3 - 4 minute read
Multiple crypto analysts believe that the current correction in Bitcoin (BTC) is actually “extremely bullish.” In the past week, BTC has gone up by 0.9%, leading to speculation that the cryptocurrency could be forming a cup-and-handle pattern, a bullish technical indicator. Swissblock, a crypto-focused hedge fund, has released a chart suggesting that BTC is forming this pattern, which is still in play despite the recent retest of the neckline area. According to Swissblock, the current wave (2) is developing in an “Extended Flat,” which is bullish and appears to be coming to an end.
Swissblock’s analysts believe that Bitcoin will make a final push down to $26,500 in the coming days, acknowledging that BTC could go as low as $25,200 in the worst-case scenario. The minimum target for the cup-and-handle pattern is $35,000, while the maximum is $42,000, according to InvestAnswers, a YouTube channel with 443,000 subscribers.

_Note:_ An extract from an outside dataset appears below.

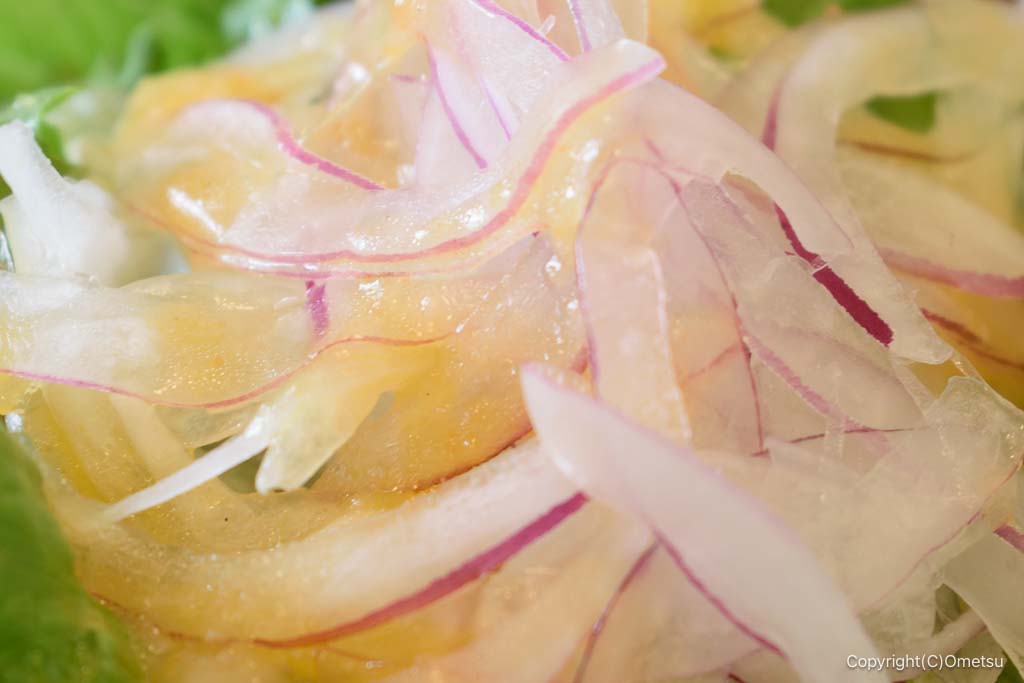 青梅市のカフェ・cafe espoirの、サラダのタマネギ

As of the time of writing, BTC is trading at $28,880, up 1.83% in the past 24 hours and nearly 74% since the start of 2023. However, Bitcoin remains more than 58% from its all-time high of more than $69,000, which it hit in November 2021.
Swissblock’s analysis has led many traders to believe that the current correction in BTC is actually a bullish sign for the cryptocurrency. This sentiment is shared by InvestAnswers, which states that the minimum target for the cup-and-handle pattern is a good indication of where BTC is headed in the short term. However, traders should remain cautious, as the worst-case scenario of BTC going as low as $25,200 is still a possibility.
The Bottom Line
The current correction in Bitcoin is a bullish sign for the cryptocurrency, with the minimum target for the cup-and-handle pattern indicating a short-term price increase. However, traders should be cautious, as the worst-case scenario of BTC going as low as $25,200 is still possible. It is important to remain vigilant and adapt trading strategies to the volatile cryptocurrency market.